Frequently Asked Questions
We organize questions which are frequently asked by our end users as a FAQ page here. If the following sections still doesn’t answer your question, feel free to open an issue or post it to discussions.
What are the objects in vineyard?
A global object consists of a set of local objects distributed across the cluster, where each local object is stored in a single vineyard daemon (a local object can always fit into the memory of a single machine).
The local objects form a partition of the global object (e.g., partitioned dataframes of a big dataframe, graph fragments of a big graph). In general, a global object is an abstraction of the input or output of a parallel-processing workload, whereas a local object is the input or output of a single worker of workload.
Does vineyard support multiple readers on the same piece of data at the same time?
Yes. The objects stored in vineyard are immutable and they are shared to the readers’ processes via memory mapping. Thus it is safe to consume the objects by multiple readers at the same time.
Is Kubernetes a necessity for vineyard?
No. But when deploying vineyard on Kubernetes, users can enjoy the flexibility of resource management provided by cloud-native deployments for the workloads of their applications. Meanwhile, the scheduler plugin will help co-locate the worker pods to the data for better data-work alignment.
How vineyard achieves IPC and memory sharing (i.e., zero-copy sharing) on Kubernetes?
Inter-process memory sharing is tricky in Kubernetes, but it is doable. When deploying on Kubernetes, vineyard exposes its UNIX-domain socket as a
PersistVolume, then the volume could be mounted into the job’s pod and the socket could be used for IPC connections to the vineyard daemon. Indeed, the memory sharing is achieved by mounting a volume of medium
Memoryinto both vineyard daemon’s pod and the job’s pod.
How stream in vineyard differs from similar systems, e.g., Kafka?
The stream in vineyard is the abstraction of a sequence of objects, where each object is generally a small part of the entire object (e.g., a mini-batch of a tensor). Such an abstraction is designed to support cross-engine pipelining between consecutive workers in a data analytic pipeline (e.g., a dataframe engine is generating training data while the next machine learning engine can consume the data and train the model simultaneously).
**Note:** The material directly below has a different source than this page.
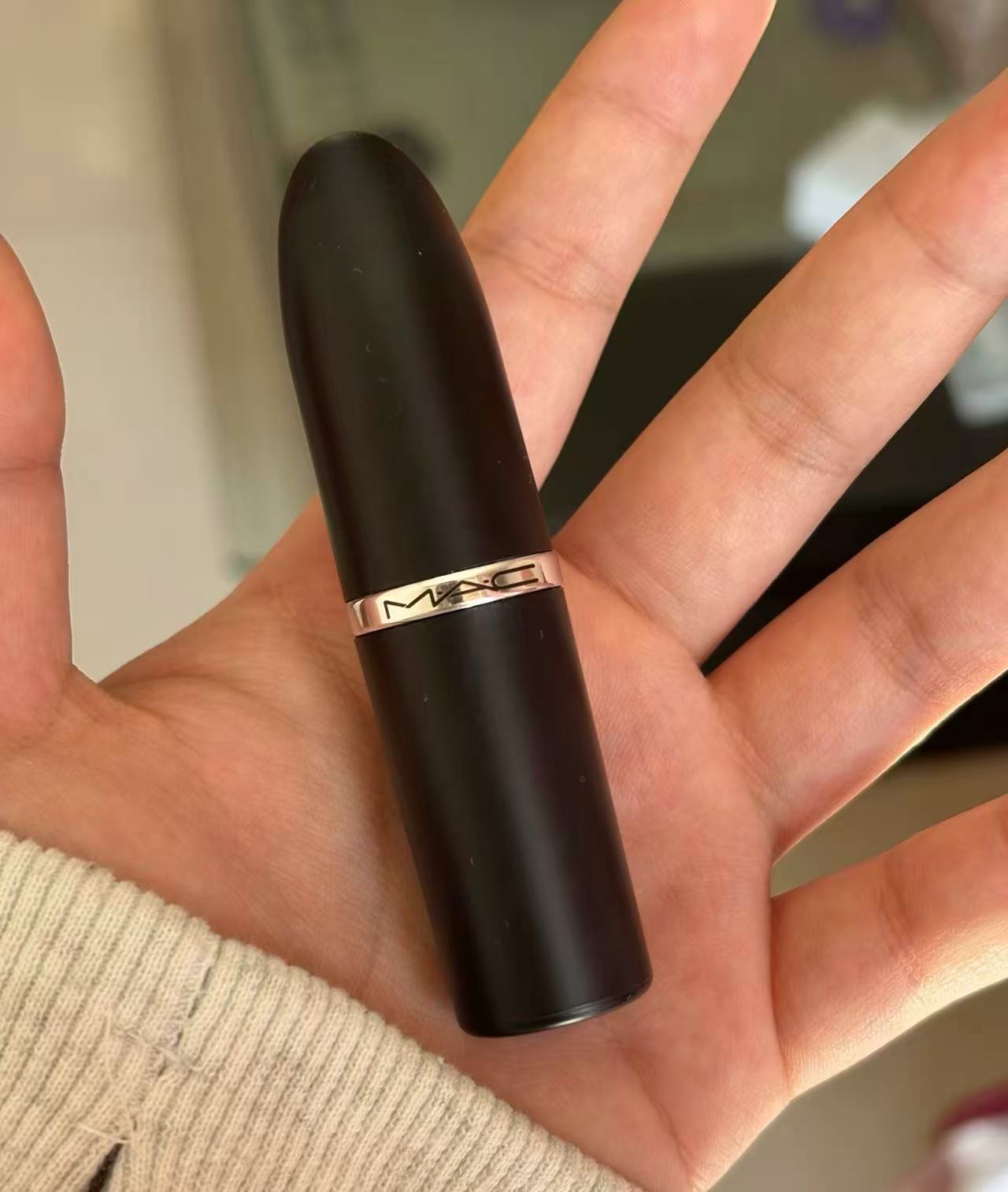 🖤高缎位新品！MAC轻缎光大子弹头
The biggest difference to traditional stream frameworks like Kafka is that the data are still abstracted as (high-level) objects in Vineyard stream and can be consumed in a zero-copy fashion just like normal objects in Vineyard. Whereas Kafka is designed for stream processing applications and abstracts data as (low-level) messages. Using Kafka in the above scenario still incurs (de)serialization and memory copy costs.
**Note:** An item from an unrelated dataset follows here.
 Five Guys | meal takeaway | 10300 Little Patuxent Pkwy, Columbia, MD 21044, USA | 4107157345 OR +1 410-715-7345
Does vineyard support accessing remote objects?
Yes. The RPC client can access the metadata of an object no matter the object is local or remote. This allows users as well as internal operators examine the information (e.g., chunk axis, size) of an object to help make decisions on the management (e.g., do we need to repartition the object, how to launch the next workload) of the object.
How migration works in vineyard? Is it automatically triggered?
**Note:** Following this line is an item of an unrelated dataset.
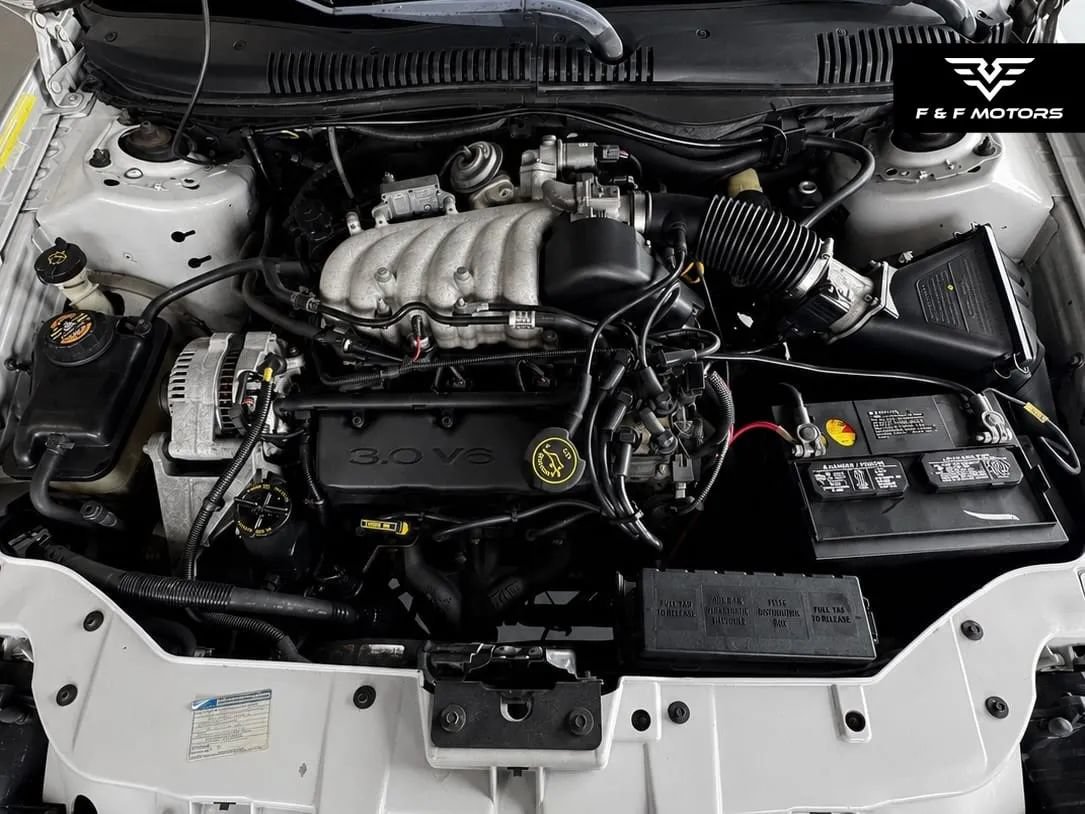 Used 1998 Ford Taurus LX FWD image 13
Support workload A produces a global object O and the next workload B will consume O as input. On a Kubernetes cluster with many hosts, namely h1, h2, h3, h4, etc. A has two worker pods on h1 and *h2, then the local objects (i.e., O1 and O2) of O are stored on h1 and h2 as well.
If those two worker pods of B (i.e., B1 and B2) are placed at h1 and h3, then B1 can access O1 locally via memory mapping, but B2 (on h3) cannot access O2 since O2 lies on h2. In this case, an utility program distributed along with vineyard in the
initContainerof B2 will trigger the migration of O2 from h2 to h3 so that pod B2 can access O2 locally.
Of course the data migration has a cost, so we developed the scheduler plugin which will prioritize h2 when launching B2 to avoid migration when possible.